Dear all,
I am using DESeq2 to estimate fold changes of treatment versus control in a time series experiment (with biological replicates). I am a little puzzled about the standard deviations of the fold changes provided by DESeq2. These are almost constant over all timepoints, although it doesn't look like this when I judge the biological replicates in the output of plotCounts. Can someone please enlighten me how the standard errors of the log2FC computed? I'd be especially interested how the standard errors of a contrast c("Condition_treatment_vs_ctrl") vs a contrast like c("Condition_treatment_vs_ctrl", "Time24.Conditiontreatment") are computed (in a setting with design=~ Time + Condition + Condition:Time) (Here the 2 standard errors are almost the same, which I would not expect when looking at the data).
I hope I managed to ask the question in an understandable way. Your help is very much appreciated!
Thanks,
Verena
Thank you for very much for your quick answer.

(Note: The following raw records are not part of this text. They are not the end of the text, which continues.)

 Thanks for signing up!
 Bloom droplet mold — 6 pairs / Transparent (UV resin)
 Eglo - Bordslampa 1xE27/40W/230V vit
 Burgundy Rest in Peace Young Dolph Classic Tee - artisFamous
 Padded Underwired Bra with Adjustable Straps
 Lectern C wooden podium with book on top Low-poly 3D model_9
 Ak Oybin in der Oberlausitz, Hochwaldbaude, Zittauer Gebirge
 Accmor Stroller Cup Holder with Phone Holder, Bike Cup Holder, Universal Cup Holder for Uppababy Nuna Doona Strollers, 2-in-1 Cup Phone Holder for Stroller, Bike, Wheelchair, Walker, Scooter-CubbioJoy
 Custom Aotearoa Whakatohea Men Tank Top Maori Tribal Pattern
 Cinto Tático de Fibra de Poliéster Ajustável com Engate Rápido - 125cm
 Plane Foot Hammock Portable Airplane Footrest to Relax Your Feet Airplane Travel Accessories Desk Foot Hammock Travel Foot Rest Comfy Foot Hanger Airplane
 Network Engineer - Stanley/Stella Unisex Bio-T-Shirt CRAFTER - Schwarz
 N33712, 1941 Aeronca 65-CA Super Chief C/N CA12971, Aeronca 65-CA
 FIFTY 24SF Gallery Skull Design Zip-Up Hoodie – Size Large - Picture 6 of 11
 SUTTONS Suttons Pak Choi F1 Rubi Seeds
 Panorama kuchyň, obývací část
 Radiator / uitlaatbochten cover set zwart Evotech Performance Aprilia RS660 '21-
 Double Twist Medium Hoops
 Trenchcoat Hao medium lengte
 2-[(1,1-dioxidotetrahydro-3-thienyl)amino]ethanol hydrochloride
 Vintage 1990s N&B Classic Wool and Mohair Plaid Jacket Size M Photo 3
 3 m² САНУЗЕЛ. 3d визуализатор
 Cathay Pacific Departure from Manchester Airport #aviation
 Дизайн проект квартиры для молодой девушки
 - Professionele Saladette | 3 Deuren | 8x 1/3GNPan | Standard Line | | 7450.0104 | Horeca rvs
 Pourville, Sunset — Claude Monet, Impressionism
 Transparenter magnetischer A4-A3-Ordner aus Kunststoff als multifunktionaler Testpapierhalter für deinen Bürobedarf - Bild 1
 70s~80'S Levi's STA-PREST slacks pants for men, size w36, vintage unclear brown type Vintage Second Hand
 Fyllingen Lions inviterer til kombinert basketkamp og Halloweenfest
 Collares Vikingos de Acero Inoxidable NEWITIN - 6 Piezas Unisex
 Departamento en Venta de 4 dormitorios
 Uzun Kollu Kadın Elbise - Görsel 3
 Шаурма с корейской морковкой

Do I understand you correctly that with "group of samples" you mean replicates? Or do you want to say that the same dispersion is used per gene irrespective of the condition/timepoint? From the manual I understood that DESeq2 estimates the dispersion from replicates and therefore would have expected to obtain different dispersion values per timepoint.
Sorry, if I am slowly following only.
One dispersion for the entire gene. This is alpha_i in the vignette and the paper. Note that this does not fix the variance to the same value for all counts, but more like a fixed coefficient of variation, so the variance for each count depends on its expected value.